At Maize High, where he was a state champion 400-meter runner, it was the fear of not reaching his potential. When he received a scholarship to Kansas, it was the fear of fitting in.
Flores let those fears grip him in the wrong ways. He partied too much, didn’t study at all and was kicked off the team at KU in his first semester. He bounced around for two more years, earning a reputation back in Wichita as a no-good troublemaker.
This weekend Flores will run for Wichita State at the Missouri Valley Championships, which begin today at Cessna Stadium. In this quest to remake himself, he’s now running from his biggest fear yet: Failure.
“I don’t want to be another one of those stories where a good athlete in high school goes out and messes up and turns into this burnout,” Flores said. “I never wanted to be like that. I don’t want people to view me like that.”
Flores never ran once at KU.
He was off the team before he was ever really on it. Coaches decided to dismiss him from the team before the first indoor race. Flores said he was dismissed for drinking and after marijuana was detected in a drug test. He said it could have been worse.
“There was so much stuff I did at KU, not even my coaches know about all of the stuff I was doing,” Flores said. “Stuff I didn’t even get in trouble for. Now all I can say is, ‘Wow.’ I really thought that I was doing something cool. I could have gotten in so much more trouble. I could have gotten hurt.”
Not much changed when he left to enroll at Kansas City Community College. He soon found himself in the same situation, surrounded by the wrong people without the ability to say no. Flores would run in three meets in his year at KCK.
Last spring, Flores pursued Wichita State coach Steve Rainbolt to talk about a possible return. He wasn’t proud of his past, but said the right things to convince WSU he was deserving of another chance.
“I do believe everything happens for a reason,” Flores said. “In some cases, I feel like I should have came to WSU first. But I’m kind of glad I didn’t because I was able to grow from what happened. I’m still growing and I still make mistakes, but nothing as major as what happened at KU.”
The prospect of returning home and recreating his life excited Flores. He enrolled in 14 hours of summer school and graduated from KCK.
But right before he was to begin the fall semester at Wichita State, Flores was involved in a serious car accident. The accident shook him to his core.
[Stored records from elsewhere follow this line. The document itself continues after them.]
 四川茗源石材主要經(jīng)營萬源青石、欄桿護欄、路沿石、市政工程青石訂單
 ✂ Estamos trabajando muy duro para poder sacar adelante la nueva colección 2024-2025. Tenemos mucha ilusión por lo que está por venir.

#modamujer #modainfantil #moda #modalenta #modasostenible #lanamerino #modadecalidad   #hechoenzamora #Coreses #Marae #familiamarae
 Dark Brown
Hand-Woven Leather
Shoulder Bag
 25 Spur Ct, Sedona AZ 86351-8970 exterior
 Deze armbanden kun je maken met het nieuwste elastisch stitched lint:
The damages were more mental than physical (stitches up and down his arm with shards of glass still inside it).
Flores questioned himself, if he still had it in him to return. Then he found it, the extra drive that had gone missing up until the SPIRE Invitational on Feb. 11, where a furious comeback took from him from last to second.
“It made me believe what coach Bolt told me from the get-go,” Flores said. “He told me, ‘God doesn’t just give you talent and take it away.’ There’s still something deep within me and I just have to find it for myself. I’m looking for that deep inside me, but now I know it’s still there.”
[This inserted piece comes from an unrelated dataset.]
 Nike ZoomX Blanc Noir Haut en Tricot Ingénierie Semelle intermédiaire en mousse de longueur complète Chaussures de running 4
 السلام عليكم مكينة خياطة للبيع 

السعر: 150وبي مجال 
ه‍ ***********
The comeback isn’t complete.
But Flores is doing better in school, developing a stronger work ethic and cleansing himself of his troubled past. He said he no longer uses drugs. And last week he broke 48 seconds in the 400 to qualify for WSU’s conference team.
“I feel like he’s just grown up,” Rainbolt said. “He went through some very rough times and made a strong determination that he wanted to be a successful person. I think he just turned over a new leaf last summer.”
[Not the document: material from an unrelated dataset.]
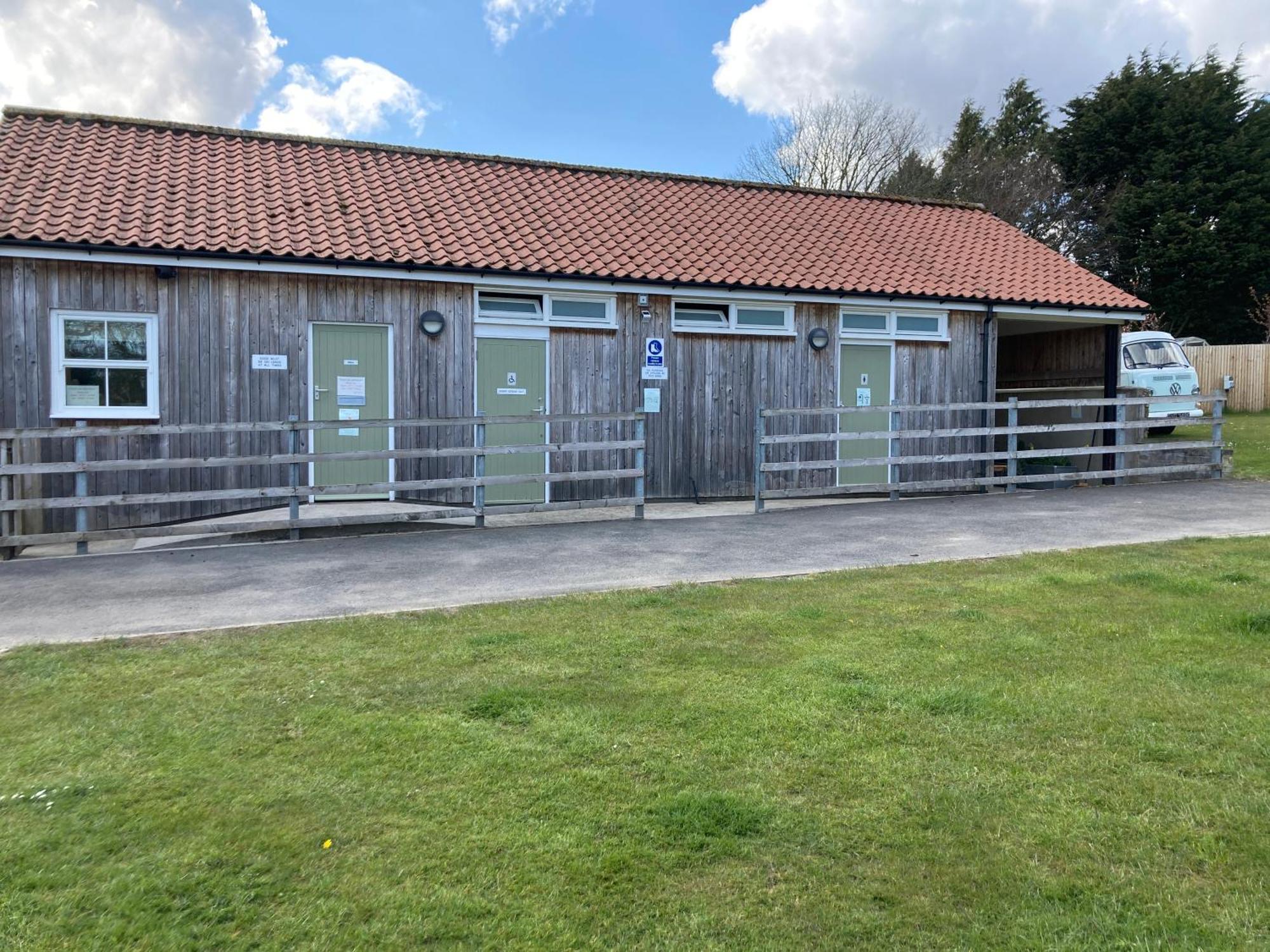 Hotel Bank Top Camping-North York Moors With Pitches For Caravans, Camper Vans And Tents Pickering Esterno foto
There are some people who still reject Flores. Friends have cut ties, convinced he can’t change.
It stings Flores. He wants to prove to everybody what he can be, but mostly he wants to prove to himself.
“I still wouldn’t say I’m that mature, but I definitely think things through a lot more now,” Flores said. “I feel like the reason why I have done so much better than anybody, even myself, thought this year is because I re-evaluated myself. I want to be proud of who I am and the choices I make. I’m trying to become the man I want to be in the future.”